I'm currently following Steve Yegge's advice on preparing for a technical programming interview: http://steve-yegge.blogspot.com/2008/03/get-that-job-at-google.html
In his section on Graphs, he states:
There are three basic ways to
represent a graph in memory (objects
and pointers, matrix, and adjacency
list), and you should familiarize
yourself with each representation and
its pros and cons.
The pros and cons of matrix and adjacency list representations are described in CLRS, but I haven't been able to find a resource that compares these to an object representation.
Just by thinking about it, I can infer some of this myself, but I'd like to make sure I haven't missed something important. If someone could describe this comprehensively, or point me to a resource which does so, I would greatly appreciate it.
objects and pointers
These are just basic datastructures like hammar said in the other answer, in Java
you would represent this with classes like edges and vertices. For example an edge connects two vertices and can either be directed or undirected and it can contain a weight. A vertex can have an ID, name etc. Mostly both of them have additional properties. So you can construct your graph with them like
Vertex a = new Vertex(1);
Vertex b = new Vertex(2);
Edge edge = new Edge(a,b, 30); // init an edge between ab and be with weight 30
This approach is commonly used for object oriented implementations, since it is more readable and convenient for object oriented users ;).
matrix
A matrix is just a simple 2 dimensional array. Assuming you have vertex ID's that can be represented as an int array like this:
int[][] adjacencyMatrix = new int[SIZE][SIZE]; // SIZE is the number of vertices in our graph
adjacencyMatrix[0][1] = 30; // sets the weight of a vertex 0 that is adjacent to vertex 1
This is commonly used for dense graphs where index access is necessary. You can represent a un/directed and weighted structure with this.
adjacency list
This is just a simple datastructure mix, I usually implement this using a HashMap<Vertex, List<Vertex>>
. Similar used can be the HashMultimap
in Guava.
This approach is cool, because you have O(1) (amortized) vertex lookup and it returns me a list of all adjacent vertices to this particular vertex I demanded.
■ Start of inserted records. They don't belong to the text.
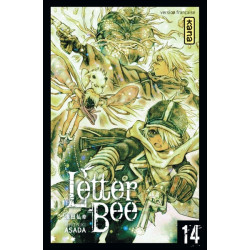 Letter Bee - Tome 14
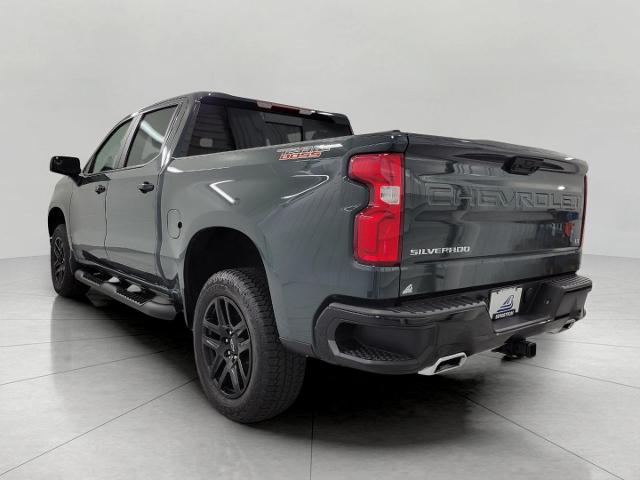 2025 Chevrolet Silverado 1500 Vehicle Photo in NEENAH, WI 54956-2243
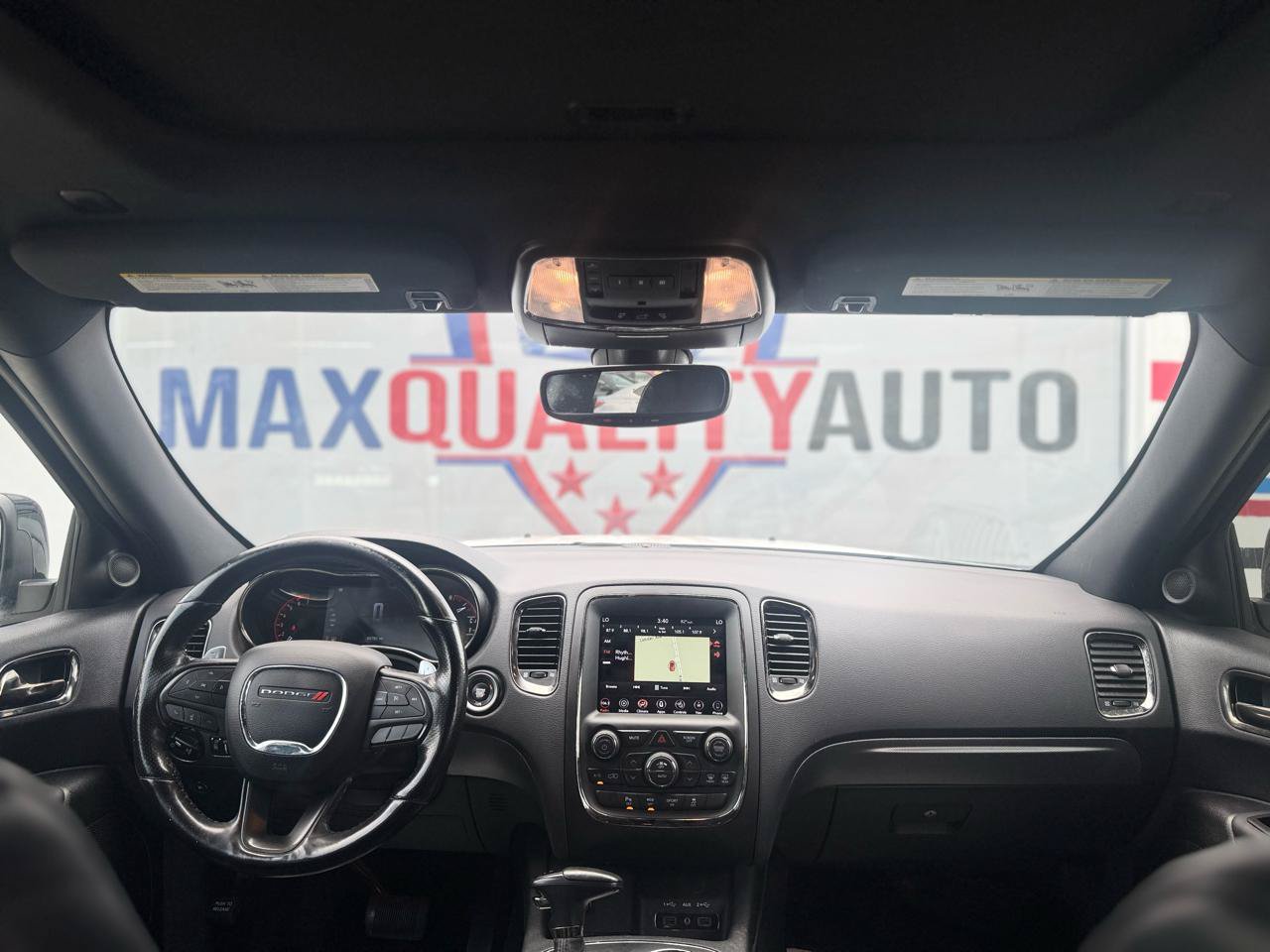 Used 2019 Dodge Durango R/T w/ Blacktop Package AWD/4WD image 61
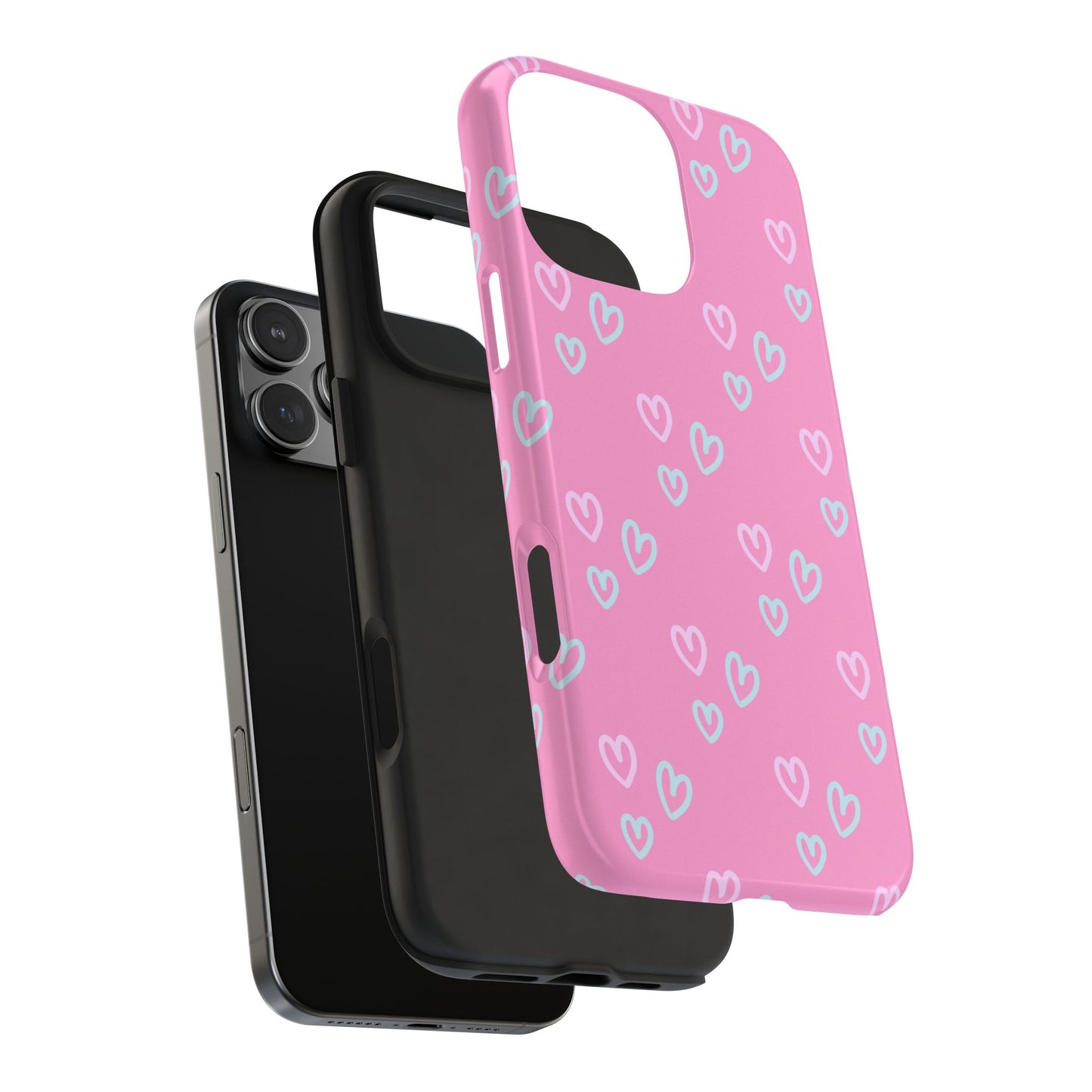 Hearty Blossom #77 Tough Phone Cases, Case-Mate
ArrayList<Vertex> list = new ArrayList<>();
list.add(new Vertex(2));
list.add(new Vertex(3));
map.put(new Vertex(1), list); // vertex 1 is adjacent to 2 and 3
This is used for representing sparse graphs, if you are applying at Google, you should know that the webgraph is sparse. You can deal with them in a more scalable way using a BigTable.
Oh and BTW, here is a very good summary of this post with fancy pictures ;)
Objects and pointers is mostly the same as adjacency list, at least for the purpose of comparing algorithms that use these representations.
Compare
struct Node {
Node *neighbours[];
};
with
struct Node {
Node *left;
Node *right;
};
You can easily construct the list of neighbours on-the-fly in the latter case, if it is easier to work with than named pointers.
Advantage of the object representation (incidence list) is that two adjacent vertices share the same instance of the edge. This makes it easy to manipulate with undirected edge data (length, cost, flow or even direction). However it uses extra memory for pointers.
Another good resource: Khan Academy - "Representing Graphs"
Besides adjacency list and adjacency matrix, they list "edge lists" as a 3rd type of graph representation. An edge list could be interpreted as a list of "edge objects" like those in Thomas's "objects and pointers" answer.
Advantage: We can store more information about the edge (mentioned by Michal)
Disadvantage: It's a very slow data structure to work with:
- Lookup an edge: O(log e)
- Remove an edge: O(e)
- Find all nodes adjacent to a given node: O(e)
- Determine whether there exists a path between two nodes: O(e^2)
e = number of edges